Who rules Boston: the Red Sox or Patriots?

Ultimately, there is no clear front-runner in the debate over whether Boston has ultimately become a football town, or if it maintains its long-time status as a bastion of baseball devotees.

The correct answer is both. It’s a Red Sox town. And it’s a Patriots town.

But like everywhere else in America, the rest of the NFL matters in grander fashion for even the most parochial among us. Not too many of us are hanging out at the Cask n’ Flagon late night trying to catch the end of the Padres-Dodgers game on the West Coast.

Of course, this isn’t a Patriots town as much as it is a Brady town. Quarterback Tom Brady transcends the headlines from field to vacation in a way that no athlete in this city has ever accomplished. Boston is, for better or worse, obsessed with Brady, Gisele, and the whereabouts of the clan to such a suffocating degree at times, it’s a wonder there’s even room to care about anything else.

When he’s retired in a few years, try to make the argument that Boston is first and foremost a Patriots town, and you’ll be laughed at.

Until then, you’d better believe there’s a certain amount of sibling rivalry between New England’s two most popular sports franchises, with the Patriots leading the scoreboard for this generation, four silver footballs to three golden flag displays for the Red Sox.

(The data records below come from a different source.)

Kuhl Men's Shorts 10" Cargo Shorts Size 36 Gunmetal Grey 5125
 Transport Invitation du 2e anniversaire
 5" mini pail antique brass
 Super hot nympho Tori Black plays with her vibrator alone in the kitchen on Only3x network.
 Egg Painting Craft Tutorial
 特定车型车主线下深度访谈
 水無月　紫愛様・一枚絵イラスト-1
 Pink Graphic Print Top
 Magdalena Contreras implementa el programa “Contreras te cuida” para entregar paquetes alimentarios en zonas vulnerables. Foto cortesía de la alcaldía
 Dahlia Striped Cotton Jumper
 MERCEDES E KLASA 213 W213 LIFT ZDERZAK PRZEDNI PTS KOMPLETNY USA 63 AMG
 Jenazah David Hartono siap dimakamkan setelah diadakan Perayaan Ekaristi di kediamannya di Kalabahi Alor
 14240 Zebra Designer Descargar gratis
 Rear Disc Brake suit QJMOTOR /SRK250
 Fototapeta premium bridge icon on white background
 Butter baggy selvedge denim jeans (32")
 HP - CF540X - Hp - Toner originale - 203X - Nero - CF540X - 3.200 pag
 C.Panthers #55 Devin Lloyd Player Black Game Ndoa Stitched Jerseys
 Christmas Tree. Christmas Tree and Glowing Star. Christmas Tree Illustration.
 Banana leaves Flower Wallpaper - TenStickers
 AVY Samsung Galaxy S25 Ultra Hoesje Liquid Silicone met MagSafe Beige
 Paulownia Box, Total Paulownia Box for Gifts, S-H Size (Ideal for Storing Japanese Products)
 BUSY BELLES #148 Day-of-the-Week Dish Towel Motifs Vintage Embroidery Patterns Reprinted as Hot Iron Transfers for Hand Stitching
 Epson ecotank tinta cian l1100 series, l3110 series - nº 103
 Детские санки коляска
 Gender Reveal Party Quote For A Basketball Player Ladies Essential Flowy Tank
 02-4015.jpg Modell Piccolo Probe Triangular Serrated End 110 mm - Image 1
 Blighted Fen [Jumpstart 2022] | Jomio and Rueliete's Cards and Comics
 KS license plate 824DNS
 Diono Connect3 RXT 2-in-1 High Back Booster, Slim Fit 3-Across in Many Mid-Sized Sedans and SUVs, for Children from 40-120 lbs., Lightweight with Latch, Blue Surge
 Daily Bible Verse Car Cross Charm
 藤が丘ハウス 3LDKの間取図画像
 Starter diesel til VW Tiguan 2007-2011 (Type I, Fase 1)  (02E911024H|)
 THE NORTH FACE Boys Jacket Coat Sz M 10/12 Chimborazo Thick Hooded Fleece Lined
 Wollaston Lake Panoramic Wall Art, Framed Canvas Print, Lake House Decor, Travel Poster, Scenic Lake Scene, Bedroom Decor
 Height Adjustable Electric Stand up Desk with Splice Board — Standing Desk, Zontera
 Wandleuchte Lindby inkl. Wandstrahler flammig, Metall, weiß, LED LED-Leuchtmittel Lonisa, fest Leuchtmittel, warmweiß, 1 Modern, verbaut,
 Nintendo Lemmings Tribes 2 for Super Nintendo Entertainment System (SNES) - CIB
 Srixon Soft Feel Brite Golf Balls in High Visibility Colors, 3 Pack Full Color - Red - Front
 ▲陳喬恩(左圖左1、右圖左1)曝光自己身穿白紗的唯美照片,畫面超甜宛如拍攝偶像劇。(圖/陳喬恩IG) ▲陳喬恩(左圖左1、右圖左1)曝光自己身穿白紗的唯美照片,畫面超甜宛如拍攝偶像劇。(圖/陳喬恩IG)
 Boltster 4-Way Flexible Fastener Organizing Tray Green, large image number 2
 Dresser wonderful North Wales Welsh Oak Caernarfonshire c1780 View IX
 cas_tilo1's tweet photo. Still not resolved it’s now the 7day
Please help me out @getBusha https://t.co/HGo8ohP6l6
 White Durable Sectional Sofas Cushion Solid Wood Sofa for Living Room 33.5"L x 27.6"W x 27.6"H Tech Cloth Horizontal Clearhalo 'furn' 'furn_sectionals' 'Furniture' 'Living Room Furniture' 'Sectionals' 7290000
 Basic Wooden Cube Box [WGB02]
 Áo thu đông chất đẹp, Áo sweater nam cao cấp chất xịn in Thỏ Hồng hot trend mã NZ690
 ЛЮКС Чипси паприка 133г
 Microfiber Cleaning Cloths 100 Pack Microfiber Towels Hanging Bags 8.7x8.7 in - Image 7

With all due respect to the hockey, basketball, and soccer teams that call Boston home as well, this debate is exclusionary without apology. Oh, the city loves its Bruins and Celtics, but the Sox and Pats loom largest in a baseball town now defined by football.

For sure, the Patriots have risen through the ranks, especially since Bill Parcells and Drew Bledsoe arrived some 22 years ago. But it was head coach Bill Belichick and — mostly — Brady who put the franchise over the top, from New England darling to NFL superpower hated around the world. As far as the rest of the country is concerned, we are the enemy, thanks to the Patriots. While there’s a lot to be proud of in being the bad guy, that identity hasn't fully seeped through the fabric of communities that waited 86 years for the 2004 World Series triumph.

By the time Opening Day arrived, it had been two months since we had a championship parade in this town. But is anybody getting itchy?

However unlikely, it would still be another two-plus months before we get another one if the Celtics or Bruins have a miracle stowed away somewhere in the depths of Causeway Street. Should the Red Sox follow Vegas odds and represent the American League in the World Series, it could then be just a nine-month stretch between Duck Boat brigades, just about half the drought we faced before the New England Patriots won Super Bowl XLIX.

We endured 15 long months between titles in those days between the Red Sox's unfathomable 2013 World Series championship and the Patriots’ latest Lombardi Trophy. For younger fans, I suppose it’s nothing compared to the 36 months Boston had to wait between the ‘08 Celtics and the ’11 Bruins. Or the 33 months that the city muddled through between the ’04 Patriots beating the Philadelphia Eagles and the Red Sox sweeping the Colorado Rockies in 2007.

Nor was it the merely three months spent between ’04 Sox and Pats trophies. We only had to wait eight months until after the Sox won their second World Series of this era to see the resurgence of the Celtics reach its pinnacle.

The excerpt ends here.